#### Data section:
--- START ---
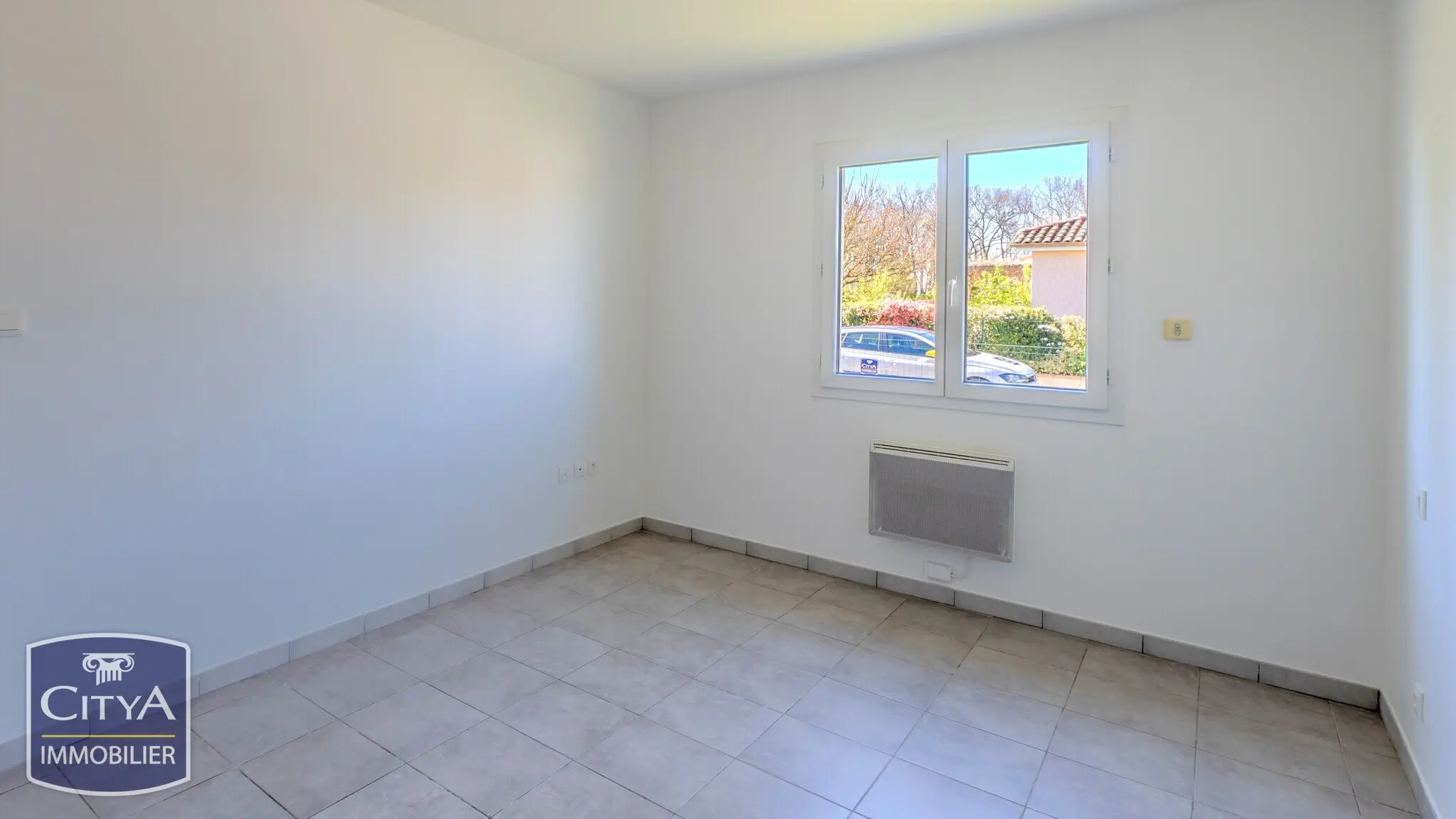 Photo 8 Maison 5 pièces 107m²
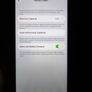 iphone 18 pro max Image 2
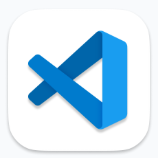 Visual Studio Code (VS Code) 1.85.1 中文版：Mac 程序员的效率神器！-🎉数字奇遇🎉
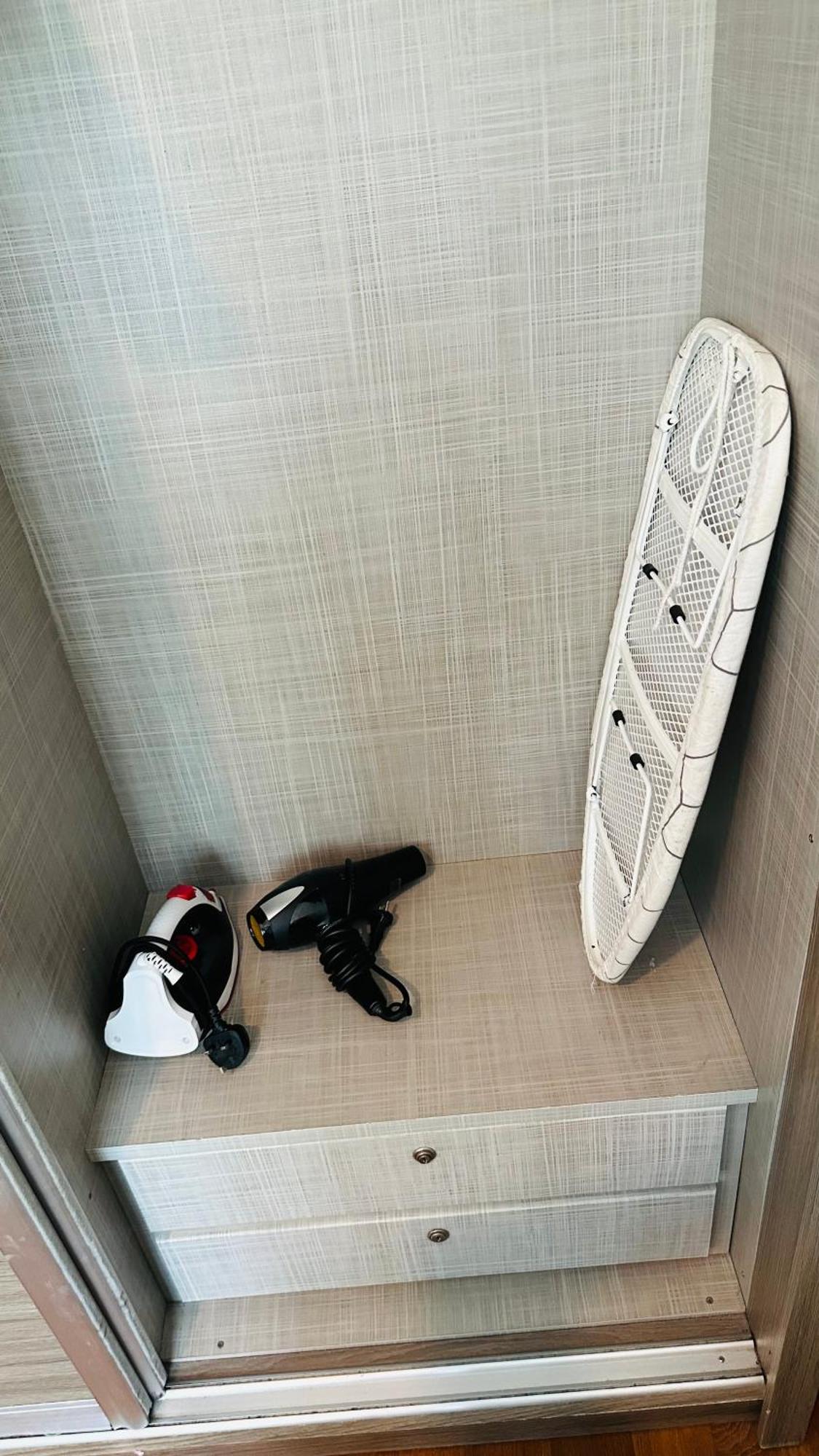 Vortex Suites Sky View Klcc Kuala Lumpur Bagian luar foto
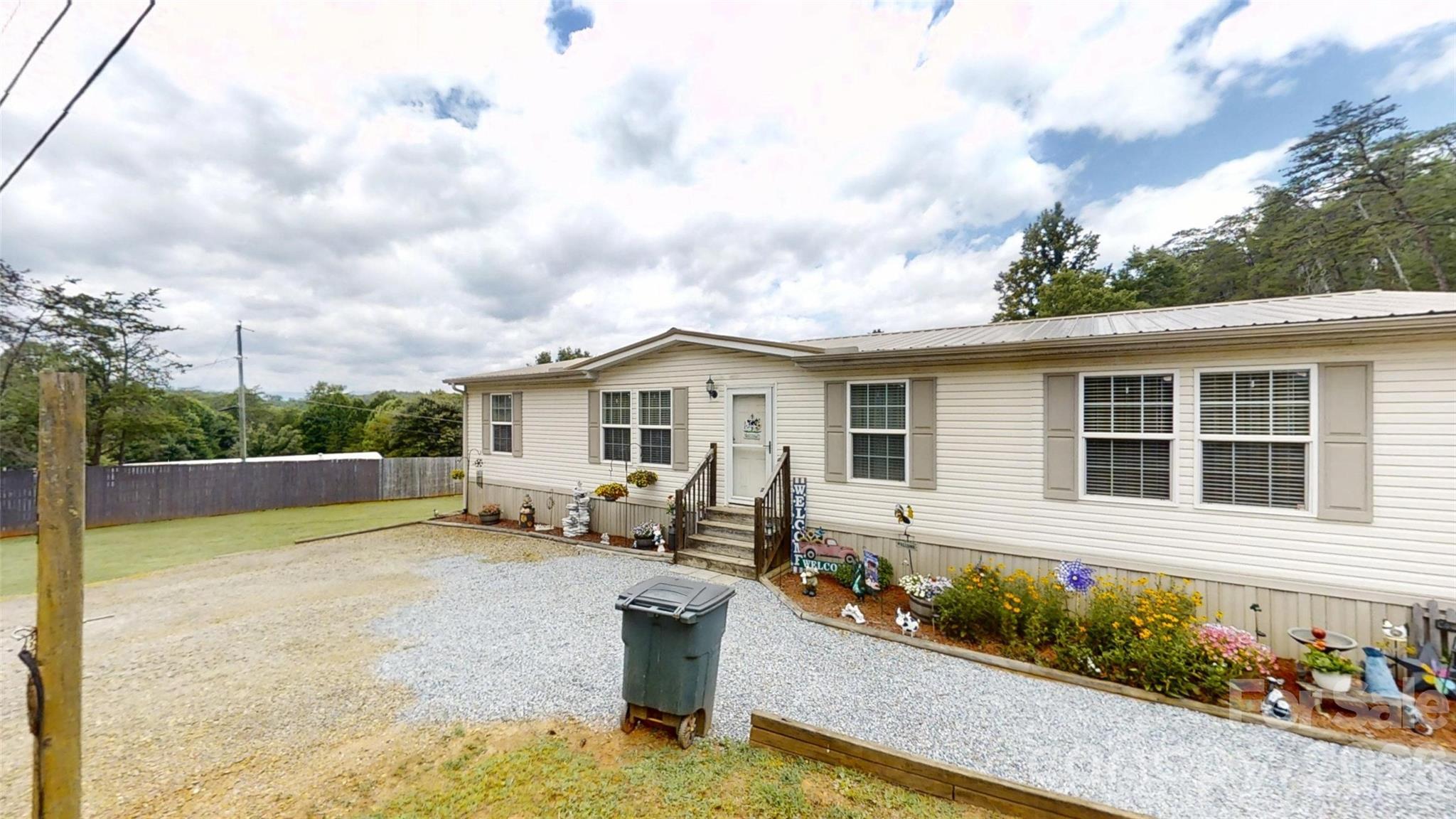 81 Pine Mount Road Property Photo 28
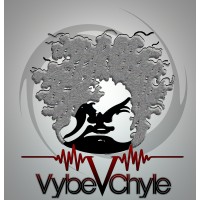 VYBE CHYLE, INC. Logo
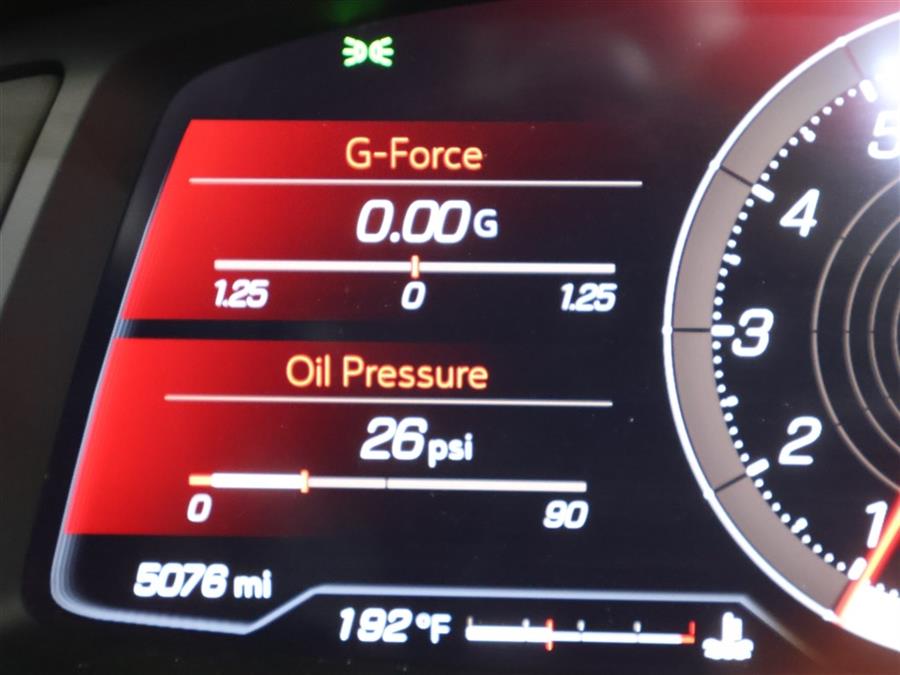 2024 Chevrolet Corvette Z06 2LZ, available for sale in Paterson, New Jersey | Fast Track Motors. Paterson, New Jersey 2024 Chevrolet Corvette Z06 2LZ, available for sale in Paterson, New Jersey | Fast Track Motors. Paterson, New Jersey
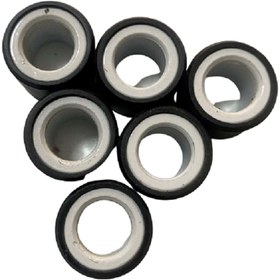 Resim ultramotor Honda PCX Standart Baga Tahrik Burcu 6 Adet 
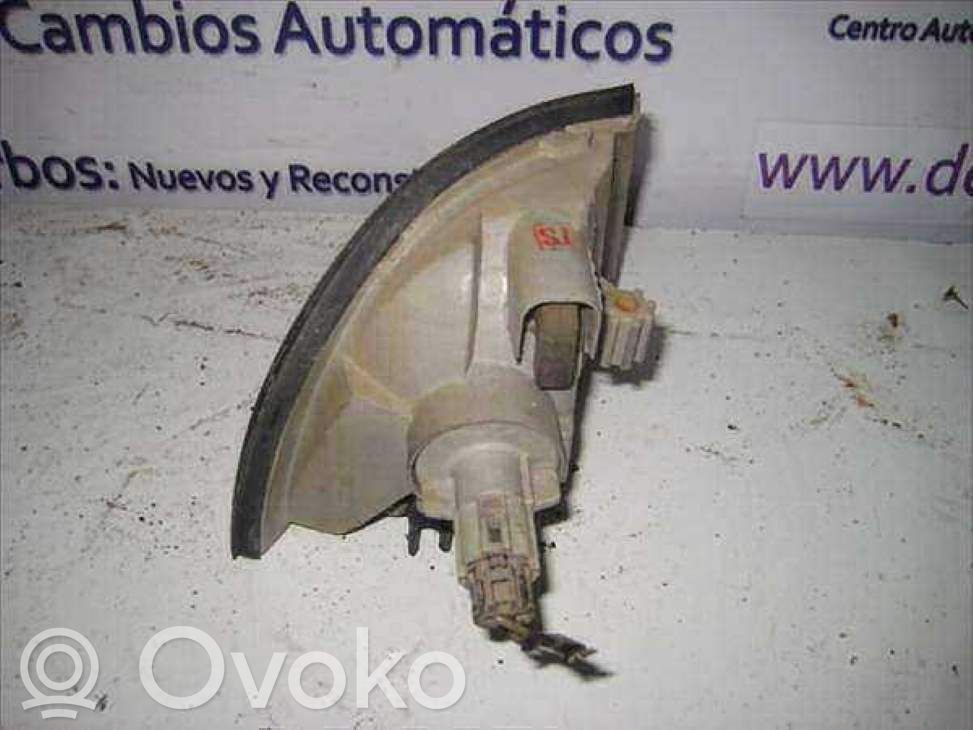 LED-Tagfahrscheinwerfer   96175350,96175350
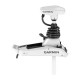 Garmin Force Kraken Trolling Motor 75”, Beli, bez sonde Garmin Force Kraken Trolling Motor 75”, Beli, bez sonde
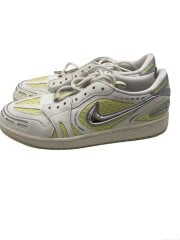 画像：AIR JORDAN 1 LOW METHOD OF MAKE_エアジョーダン 1 ロー メソッド オブ メイク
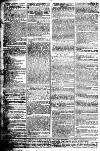 Shrewsbury Chronicle Saturday 06 January 1776 Page 4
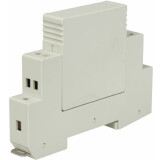 Zibens aizsardzība Osnovo SP-DCD/12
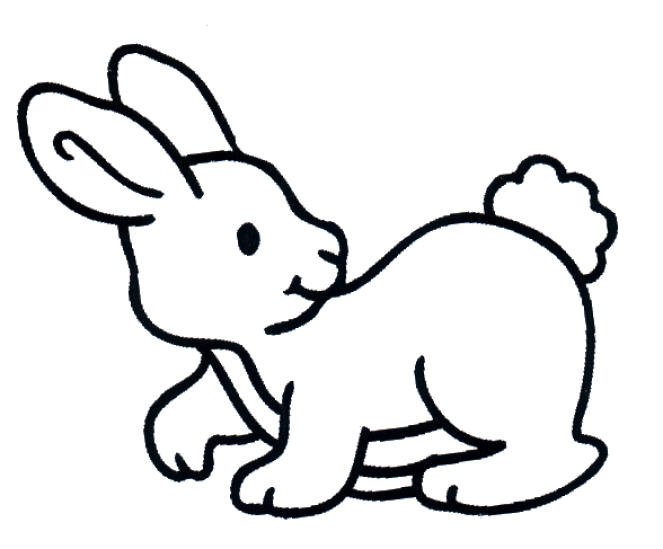 animated-coloring-pages-rabbit-image-0008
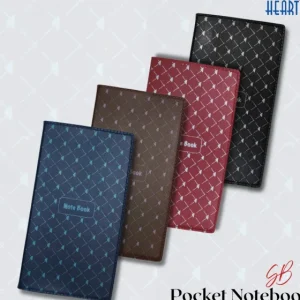 hearts sb pocket note book medium design mixed 2 pcs bangladesh 7d82599ffeed07355e57814a8e768a5e66a7054e17182761995fb44cc5444bb8.webp
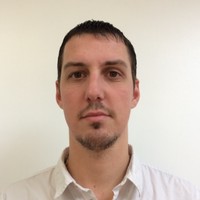 Anthony Le Marrec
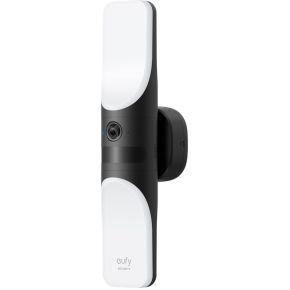 Eufy S100 Wired Wall Light Cam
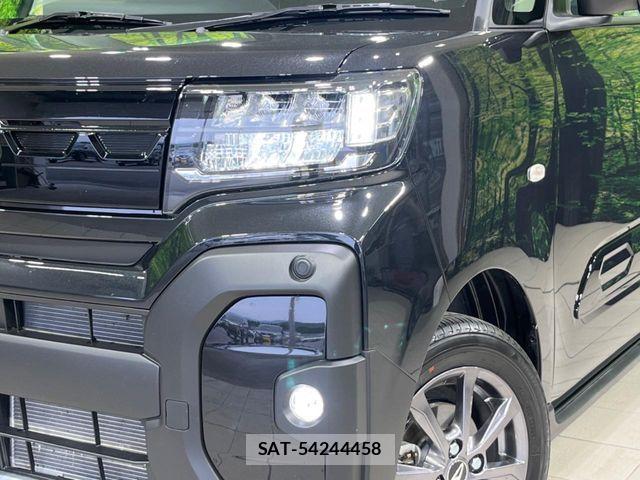 Daihatsu TANTO 2026-03 7620807-12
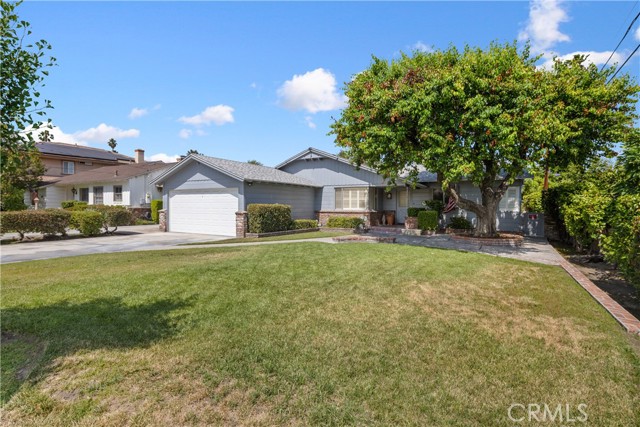 1234 S 5th Avenue, Arcadia CA: https://media.crmls.org/medias/2a758a95-01fb-4587-b4de-a76cb8f846bf.jpg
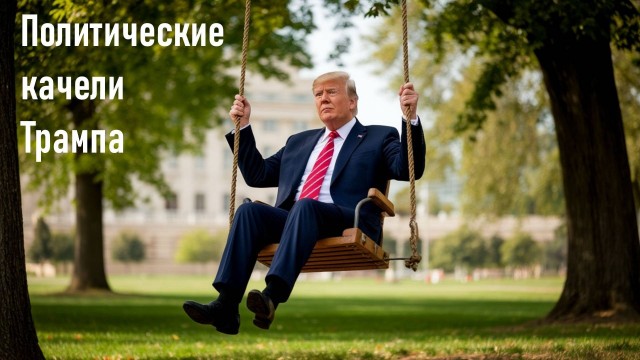 Иран закрыл Ормузский пролив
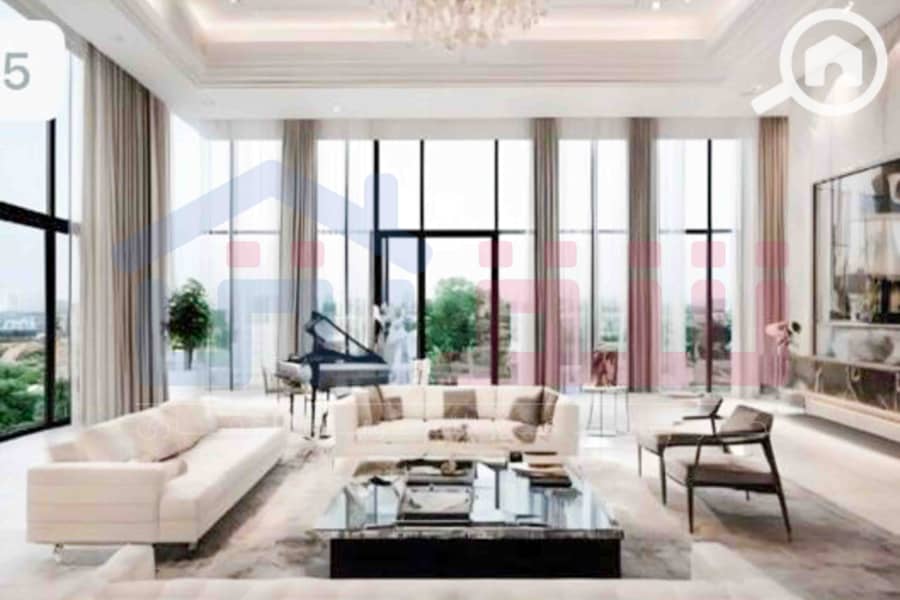 WhatsApp Image 2025-06-11 at 4.34. 33 PM (1). jpg WhatsApp Image 2025-06-11 at 4.34. 33 PM (1). jpg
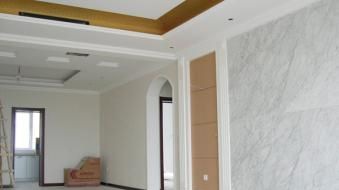 ����ʩ����Ҫ������ʩ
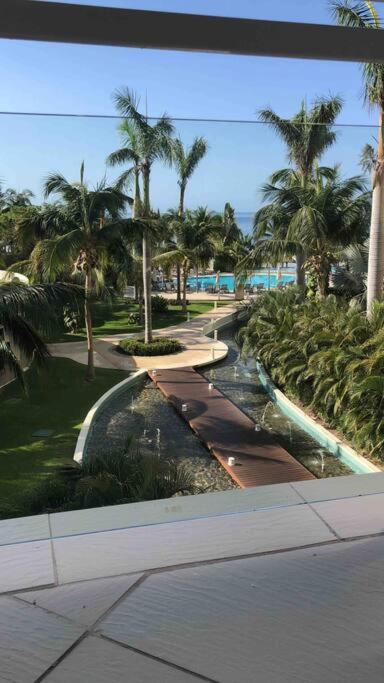 Bay View Grand Marina Ixtapa Condo En Pie De Playa エクステリア 写真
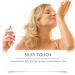 Rose Attraction Perfume Roll-on Pheromone Perfume Oil Fragrance Long Lasting Attraction Perfume Enhance Charm & Confidence Portable Pheromones Perfumes for Women 15ML (1 Pcs) 0.51 Fl Oz (Pack of 1) - Buy Online on GoSupps.com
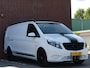 Mercedes-Benz Vito 116 CDI Extra Lang Camera/PDC/Navigate/Airco
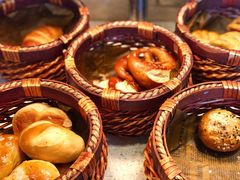 -索菲特西湖大酒店·香榭丽全日候餐厅(南山路店)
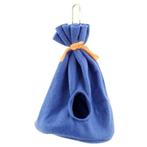 Slaapzak voor vogels - Slaapzak voor vogels - M - Overige, Verzenden, Nieuw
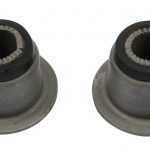 Mustang II Upper Arm Bushings-Set of 4 (MP-013)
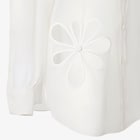 Chemise&nbsp;image 3 sur 4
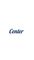 Wuyi Center Technology Co., Ltd.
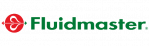 FLUIDMASTER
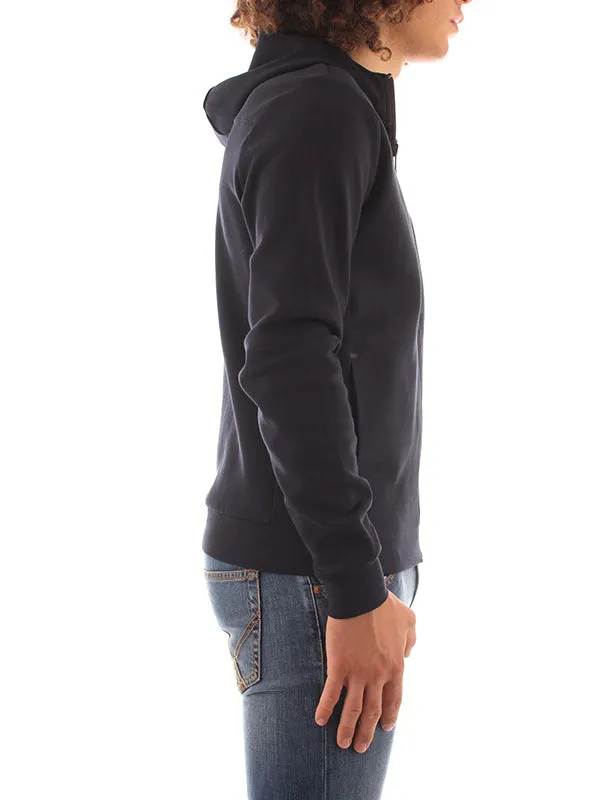 Modern Essentials Zi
--- END ---
#### Task objective:
Print nothing but the lines above starting with the line that contains "Zibens aizsardzība Osnovo SP-DCD/12" and going on through the line that contains "Daihatsu TANTO 2026-03 7620807-12". Leave out the pictures.

#### Answer section:
 Zibens aizsardzība Osnovo SP-DCD/12
 animated-coloring-pages-rabbit-image-0008
 hearts sb pocket note book medium design mixed 2 pcs bangladesh 7d82599ffeed07355e57814a8e768a5e66a7054e17182761995fb44cc5444bb8.webp
 Anthony Le Marrec
 Eufy S100 Wired Wall Light Cam
 Daihatsu TANTO 2026-03 7620807-12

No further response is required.